Line by line, print the records exactly as they are, dropping the pictures.

(Input material)

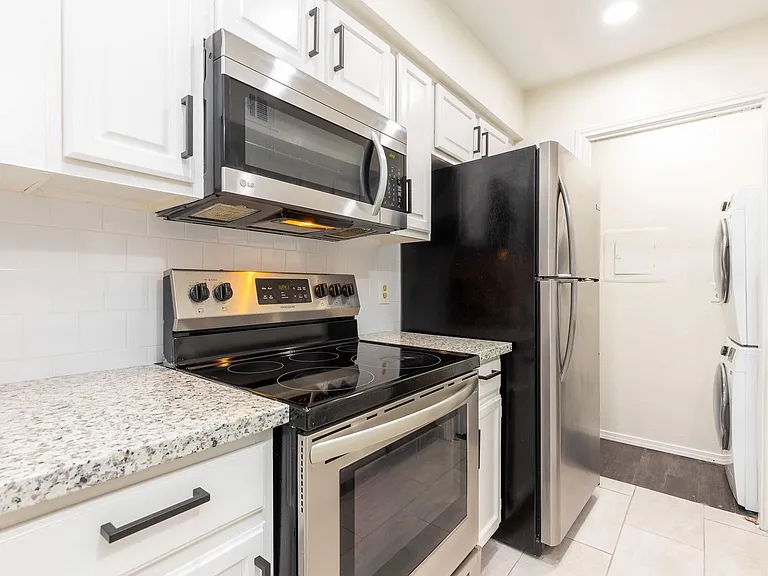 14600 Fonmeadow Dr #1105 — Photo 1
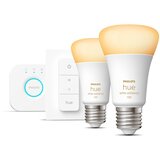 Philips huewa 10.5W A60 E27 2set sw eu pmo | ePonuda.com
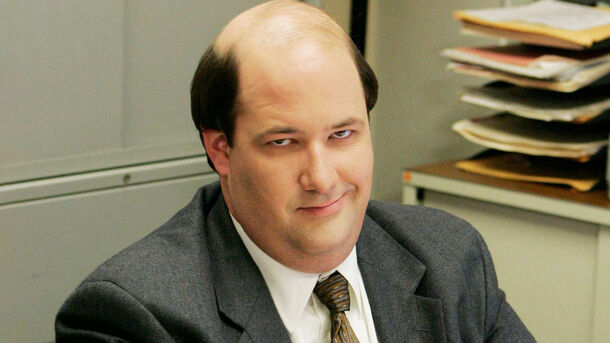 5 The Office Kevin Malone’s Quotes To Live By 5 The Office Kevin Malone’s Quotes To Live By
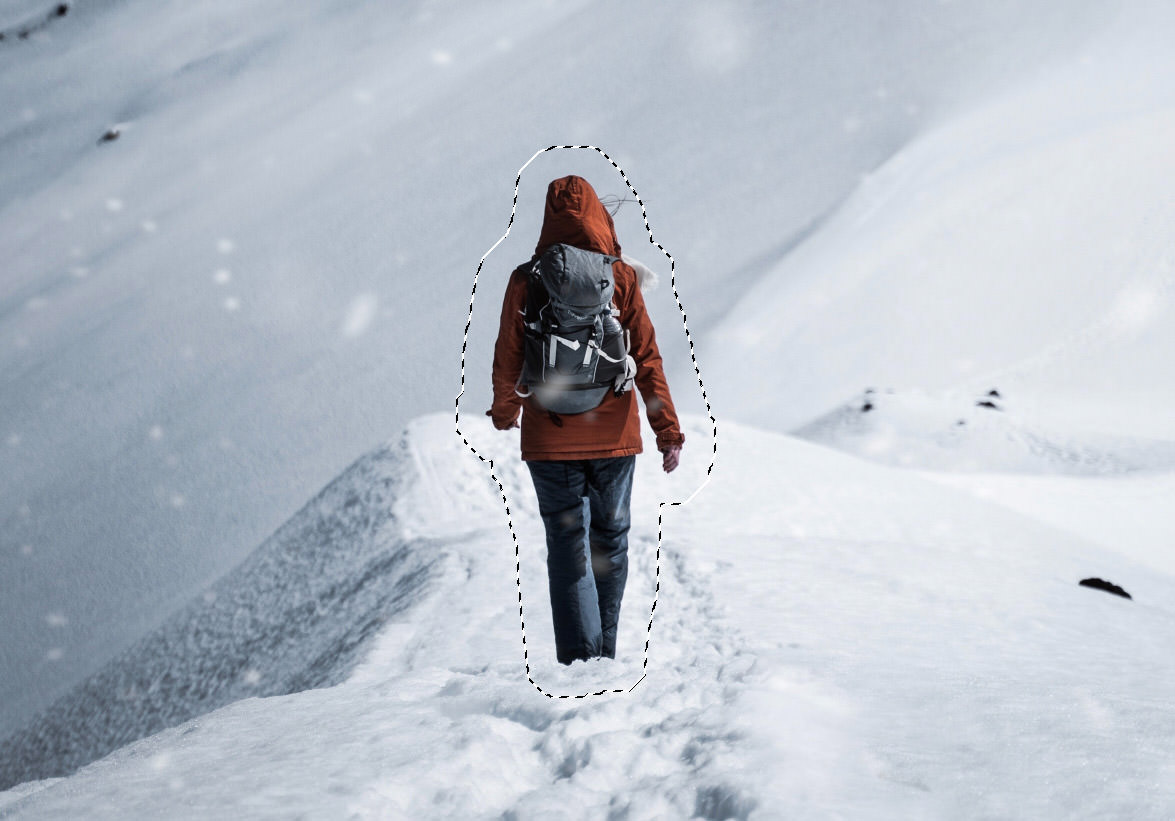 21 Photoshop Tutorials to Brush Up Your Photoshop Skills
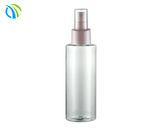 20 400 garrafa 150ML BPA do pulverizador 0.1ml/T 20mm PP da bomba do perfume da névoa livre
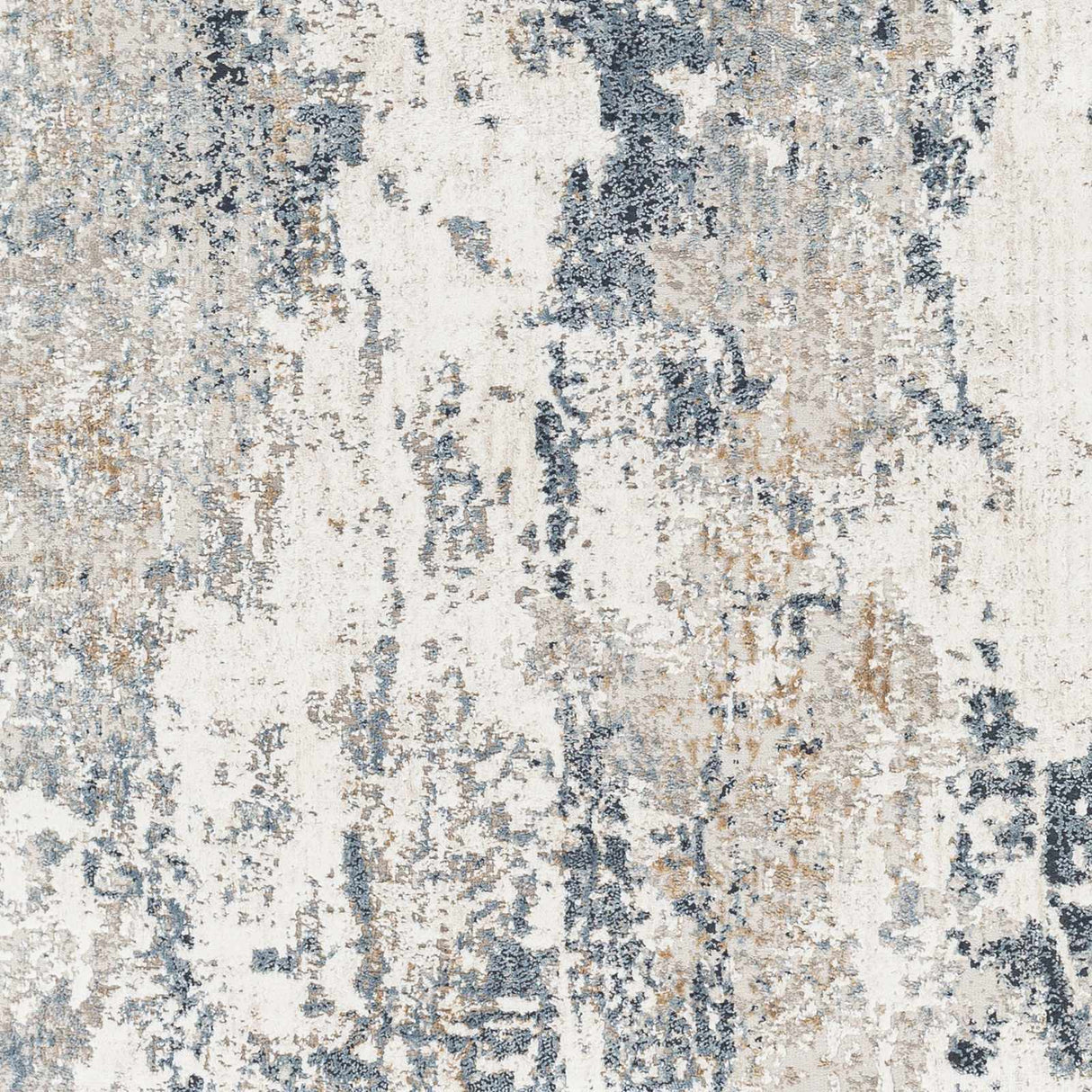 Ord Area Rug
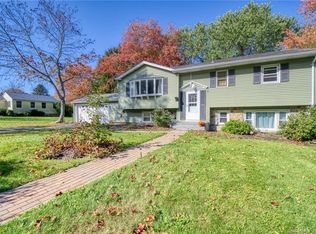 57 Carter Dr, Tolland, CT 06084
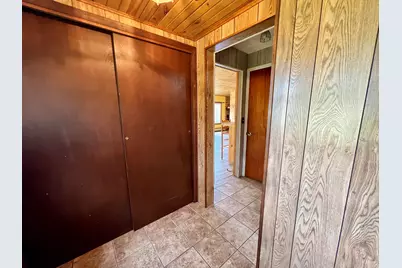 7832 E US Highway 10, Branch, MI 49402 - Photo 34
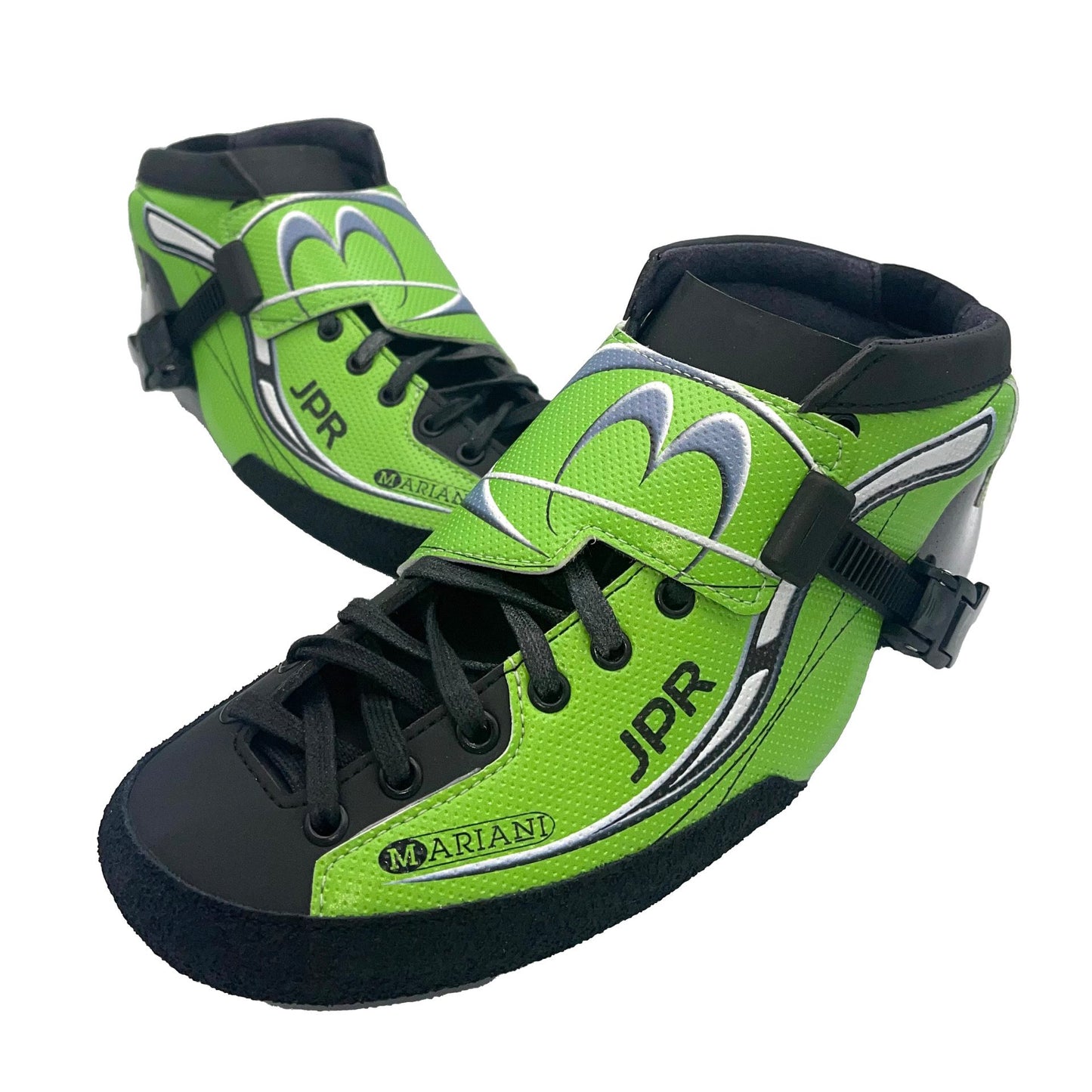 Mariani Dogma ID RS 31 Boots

(End Input material)

» Your solution
 14600 Fonmeadow Dr #1105 — Photo 1
 Philips huewa 10.5W A60 E27 2set sw eu pmo | ePonuda.com
 5 The Office Kevin Malone’s Quotes To Live By 5 The Office Kevin Malone’s Quotes To Live By
 21 Photoshop Tutorials to Brush Up Your Photoshop Skills
 20 400 garrafa 150ML BPA do pulverizador 0.1ml/T 20mm PP da bomba do perfume da névoa livre
 Ord Area Rug
 57 Carter Dr, Tolland, CT 06084
 7832 E US Highway 10, Branch, MI 49402 - Photo 34
 Mariani Dogma ID RS 31 Boots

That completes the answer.